Time to announce the winners
of the 2018 Poems in the Waiting Room Poetry Competition
The 2018 competition winners have all been notified, and I’ve emailed everyone, who provided me with an email address, to let them know the results are out. Many thanks to: Otago University Press, Otago University Bookshop and Creative Writing Dunedin for providing monetary prizes for our 2018 competition.
The winning poems will appear in the winter edition of the Poems in the Waiting Room poetry card. I intend spending some time over Easter going through all the submissions and selecting any which might be suitable for a future PitWR edition. I’ll be in touch with those poets in due course.
Many thanks to everyone who entered the competition.
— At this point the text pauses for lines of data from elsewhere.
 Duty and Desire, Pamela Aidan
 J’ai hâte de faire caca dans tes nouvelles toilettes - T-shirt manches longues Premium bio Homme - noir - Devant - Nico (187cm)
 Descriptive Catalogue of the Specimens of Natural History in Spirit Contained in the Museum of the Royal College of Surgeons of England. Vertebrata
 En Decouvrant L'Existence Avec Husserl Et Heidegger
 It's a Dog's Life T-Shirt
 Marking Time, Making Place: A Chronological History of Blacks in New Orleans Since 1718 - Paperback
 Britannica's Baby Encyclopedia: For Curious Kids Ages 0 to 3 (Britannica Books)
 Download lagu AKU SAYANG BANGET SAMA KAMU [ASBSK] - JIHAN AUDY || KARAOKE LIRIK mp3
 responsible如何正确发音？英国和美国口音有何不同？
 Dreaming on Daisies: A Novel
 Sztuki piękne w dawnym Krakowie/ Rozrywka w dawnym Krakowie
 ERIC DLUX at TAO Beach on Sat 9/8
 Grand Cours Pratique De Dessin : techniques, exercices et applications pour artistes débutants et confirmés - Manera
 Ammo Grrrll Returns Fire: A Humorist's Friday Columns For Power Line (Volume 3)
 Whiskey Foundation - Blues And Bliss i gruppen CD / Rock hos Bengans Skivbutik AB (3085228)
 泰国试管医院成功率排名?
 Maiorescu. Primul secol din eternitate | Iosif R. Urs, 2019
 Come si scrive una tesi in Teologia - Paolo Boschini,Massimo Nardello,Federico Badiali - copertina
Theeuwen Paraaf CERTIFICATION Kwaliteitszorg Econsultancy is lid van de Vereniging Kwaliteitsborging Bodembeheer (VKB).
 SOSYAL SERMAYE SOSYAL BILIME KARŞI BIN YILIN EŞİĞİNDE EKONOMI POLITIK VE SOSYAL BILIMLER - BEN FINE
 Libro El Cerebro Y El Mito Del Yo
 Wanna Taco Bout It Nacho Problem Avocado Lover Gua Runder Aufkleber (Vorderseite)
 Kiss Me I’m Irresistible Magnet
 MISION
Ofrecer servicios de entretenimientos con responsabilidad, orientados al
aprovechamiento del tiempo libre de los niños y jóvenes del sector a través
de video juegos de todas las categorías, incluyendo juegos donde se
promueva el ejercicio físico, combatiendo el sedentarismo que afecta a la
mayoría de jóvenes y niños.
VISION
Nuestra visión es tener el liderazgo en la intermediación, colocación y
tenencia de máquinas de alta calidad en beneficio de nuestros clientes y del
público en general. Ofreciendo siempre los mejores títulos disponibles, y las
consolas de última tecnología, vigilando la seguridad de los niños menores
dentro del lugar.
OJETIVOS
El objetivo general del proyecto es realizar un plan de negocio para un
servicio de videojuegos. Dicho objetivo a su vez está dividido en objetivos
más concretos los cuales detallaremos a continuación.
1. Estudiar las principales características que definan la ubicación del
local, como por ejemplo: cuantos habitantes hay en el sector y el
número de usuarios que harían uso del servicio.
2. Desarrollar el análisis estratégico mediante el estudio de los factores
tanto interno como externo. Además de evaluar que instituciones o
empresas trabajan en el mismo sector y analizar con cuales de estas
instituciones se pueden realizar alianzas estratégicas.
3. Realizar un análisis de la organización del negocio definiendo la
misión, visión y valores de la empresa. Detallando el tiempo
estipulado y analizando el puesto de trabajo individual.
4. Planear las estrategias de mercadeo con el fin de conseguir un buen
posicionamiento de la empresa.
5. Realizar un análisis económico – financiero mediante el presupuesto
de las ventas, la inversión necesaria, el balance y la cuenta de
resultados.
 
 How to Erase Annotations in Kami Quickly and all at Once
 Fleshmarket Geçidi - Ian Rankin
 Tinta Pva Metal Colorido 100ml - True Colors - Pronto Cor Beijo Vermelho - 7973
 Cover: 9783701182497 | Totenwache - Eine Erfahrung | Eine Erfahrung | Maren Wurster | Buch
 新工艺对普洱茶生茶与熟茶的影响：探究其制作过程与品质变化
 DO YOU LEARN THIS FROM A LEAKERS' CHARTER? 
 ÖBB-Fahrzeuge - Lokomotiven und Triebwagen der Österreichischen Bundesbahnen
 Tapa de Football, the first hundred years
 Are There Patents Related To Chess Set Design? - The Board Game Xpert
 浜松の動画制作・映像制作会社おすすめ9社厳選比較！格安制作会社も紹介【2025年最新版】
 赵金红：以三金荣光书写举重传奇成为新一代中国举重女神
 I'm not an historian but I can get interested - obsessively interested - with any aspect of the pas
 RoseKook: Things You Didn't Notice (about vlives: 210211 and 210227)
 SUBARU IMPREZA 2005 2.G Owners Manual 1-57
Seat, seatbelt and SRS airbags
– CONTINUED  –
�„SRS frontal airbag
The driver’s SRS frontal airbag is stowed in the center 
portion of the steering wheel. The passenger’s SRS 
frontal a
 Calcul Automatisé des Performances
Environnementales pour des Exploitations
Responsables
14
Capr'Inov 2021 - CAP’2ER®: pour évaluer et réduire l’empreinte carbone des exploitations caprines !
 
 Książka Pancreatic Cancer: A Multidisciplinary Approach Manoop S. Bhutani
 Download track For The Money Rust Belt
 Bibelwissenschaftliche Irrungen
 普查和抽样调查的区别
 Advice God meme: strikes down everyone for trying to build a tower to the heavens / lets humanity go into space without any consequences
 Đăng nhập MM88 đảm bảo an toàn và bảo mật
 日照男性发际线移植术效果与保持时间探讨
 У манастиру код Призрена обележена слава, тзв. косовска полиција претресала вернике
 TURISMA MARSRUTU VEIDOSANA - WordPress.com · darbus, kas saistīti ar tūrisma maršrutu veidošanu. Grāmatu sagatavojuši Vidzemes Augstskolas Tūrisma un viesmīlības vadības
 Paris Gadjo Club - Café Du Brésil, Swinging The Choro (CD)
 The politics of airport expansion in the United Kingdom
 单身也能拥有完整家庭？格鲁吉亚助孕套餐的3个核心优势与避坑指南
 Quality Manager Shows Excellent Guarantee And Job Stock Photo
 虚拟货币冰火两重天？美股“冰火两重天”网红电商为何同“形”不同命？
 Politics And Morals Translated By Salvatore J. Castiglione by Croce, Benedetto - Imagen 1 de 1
Your support will help Poems in the Waiting Room continue to provide free seasonal poetry cards to medical waiting rooms, rest homes, prisons and hospices throughout New Zealand.
Regards, Ruth Arnison
The results with Lynley Edmeade’s comments are below:
Otago University Press First Prize
“Turn on the light; the dark is getting in my eyes” by Margaret Ranger – Wellington.
Otago University Book Shop Second Prize
“Talking Books” by Margaret Moores – Auckland.
Creative Writing Dunedin Third Prize
“To Dog” by Kerri Sullivan–Waikuku Beach.
“Recovery: St Clair,” by Hayley Rata Hayes, Dunedin.
“The Girl Wishes for a Handlebar Moustache,” by Gail Ingram, Christchurch
“Field Manual,” by Mary Cresswell, Paraparaumu.
Poems in the Waiting Room Poetry Competition 2018
It was a pleasure to judge the Poems in the Waiting Room poetry competition for 2018. The range of poems that were received was incredibly vast and diverse, and made for surprises at each turn, both in terms of the subject matter and style.
The poems that really stood out for me, did so because they all offered fresh ways of seeing the world. There didn’t seem to be any particular style that I was favouring, but all the winners and highly commended pieces that I chose had some kind of peculiar way of showing me something. The writers of these poems also exhibited technical finesse, and this allowed me relax into the subject matter.
Some notes on the winners:
First place: “Turn on the light; the dark is getting in my eyes”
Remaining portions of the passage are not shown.